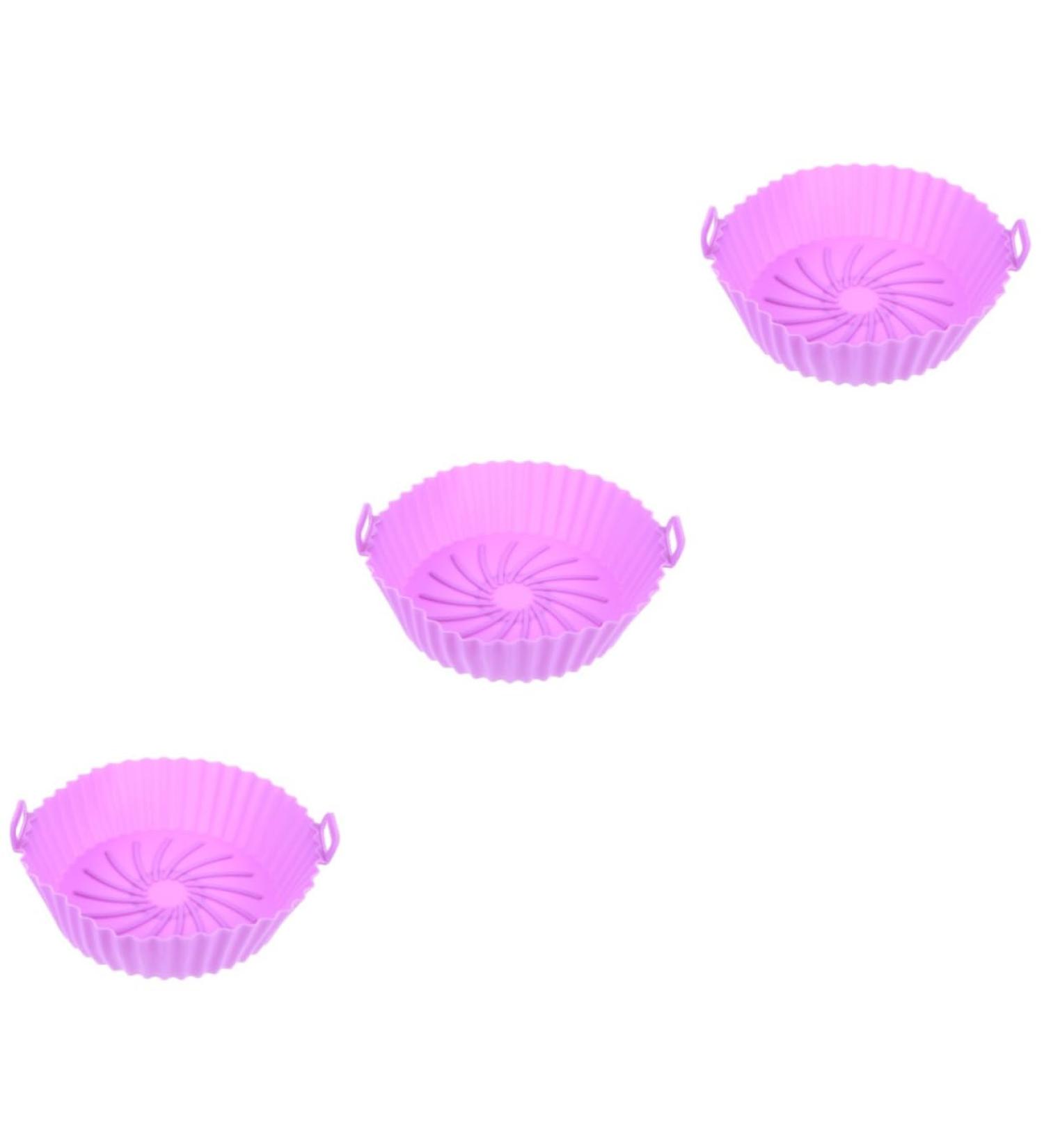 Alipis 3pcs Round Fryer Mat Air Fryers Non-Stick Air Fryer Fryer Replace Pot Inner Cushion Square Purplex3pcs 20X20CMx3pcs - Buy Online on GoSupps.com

• • • • •

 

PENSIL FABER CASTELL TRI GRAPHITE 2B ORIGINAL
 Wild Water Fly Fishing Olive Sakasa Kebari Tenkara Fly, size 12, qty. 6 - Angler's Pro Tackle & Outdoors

• • • • •

What you should do:
From the records above, copy only the lines starting with the line that holds "PENSIL FABER CASTELL TRI GRAPHITE 2B ORIGINAL" and going on through the line that holds "Wild Water Fly", exactly as written.

Solution to this exercise:
PENSIL FABER CASTELL TRI GRAPHITE 2B ORIGINAL
 Wild Water Fly Fishing Olive Sakasa Kebari Tenkara Fly, size 12, qty. 6 - Angler's Pro Tackle & Outdoors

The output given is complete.